Вскоре нам попался винный погребок, где одновременно внаем сдавались лошади и коляски. К сожалению, единственная пара лошадей с коляской уже была заказана, и мы вынуждены были идти пешком — далеко не радостная перспектива, если учесть, что солнце палило немилосердно.

Дорога проходила мимо полигона школы горнистов морской артиллерии, приветствовавших нас радостными звуками фанфар.

Здесь нам и представился случай познакомиться с местными обычаями.

За нами шла, подпрыгивая и что-то напевая, крупная, довольно красивая мулатка.
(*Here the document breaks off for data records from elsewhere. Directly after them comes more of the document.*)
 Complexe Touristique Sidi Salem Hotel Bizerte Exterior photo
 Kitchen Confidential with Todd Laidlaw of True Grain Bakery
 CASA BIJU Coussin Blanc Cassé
Пританцовывая, она поднимала ноги несколько выше, чем того требуют приличия. Но вдруг красотка остановилась и направилась к одному из горнистов, что есть силы дувшему в свою трубу, и протянула ему букетик цветов. Трудно передать словами всю дальнейшую сцену. Прежде чем получить сей драгоценный дар, парень высоко поднял ногу, почти до уровня лица девушки, как будто намереваясь ударить возлюбленную по голове. Та в свою очередь сделала вид, что собирается отразить удар, и что-то вроде мнимой дуэли началось между молодыми туземцами, таким странным образом выражавшими любовные чувства.

Оставив эту необычную пару, мы продолжили путь, достигнув вскоре улицы, по обе стороны которой стояли жалкие домики. Посредине улицы журчал ручей, вернее, вонючий ручеек, уносящий всякие отбросы.
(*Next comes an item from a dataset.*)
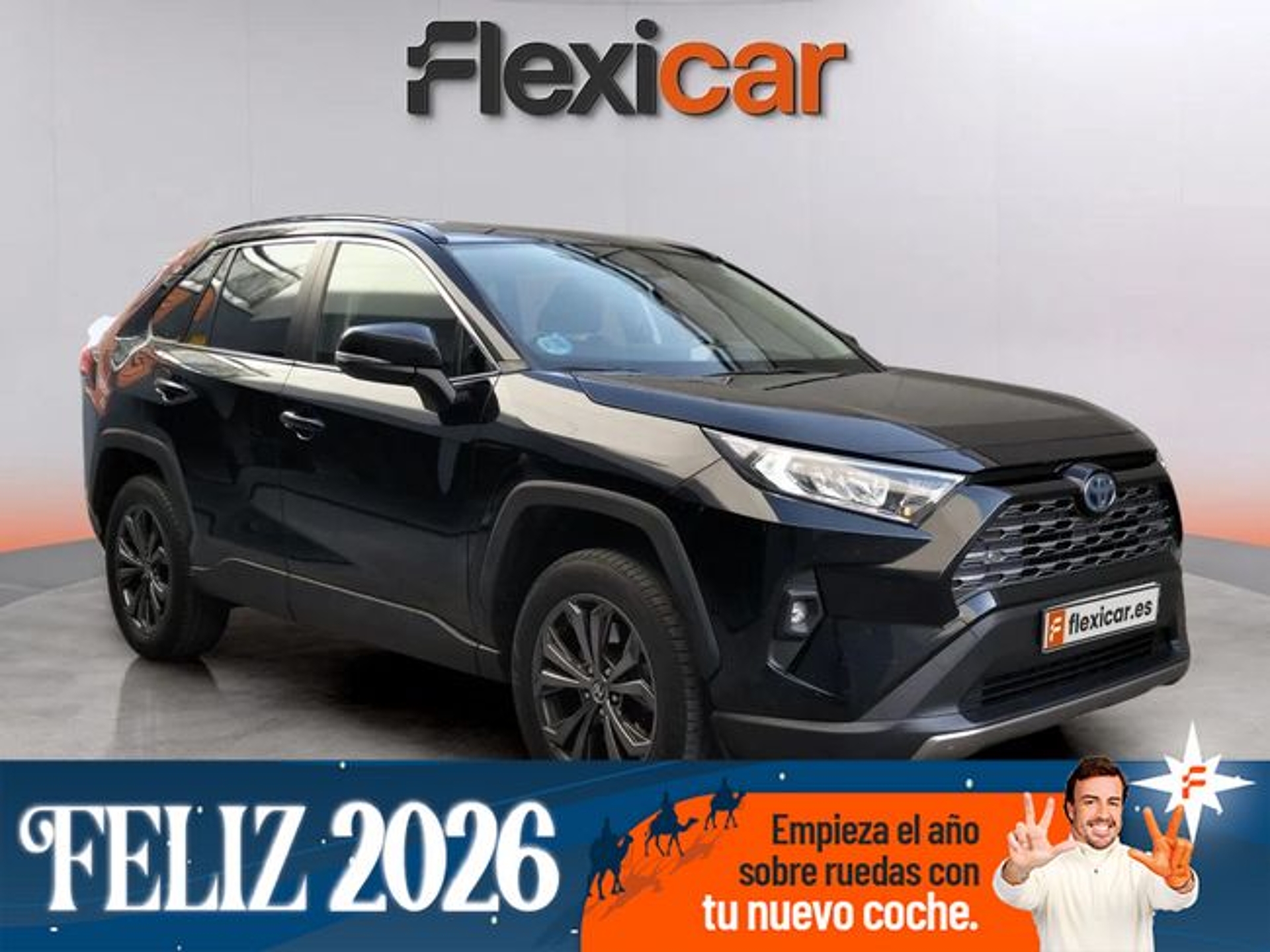 Imagen de TOYOTA RAV-4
Наконец мы добрались до площади Саванны, широкой, квадратной, обсаженной манговыми и тамариндовыми деревьями. Под тенью сих гигантов праздно возлежали белые европейцы и креолы, прикрываясь от солнца зонтиками, тогда как рядом, на самом пекле резвилась и пронзительно визжала стайка негритят, облаченных в изодранные рубашонки.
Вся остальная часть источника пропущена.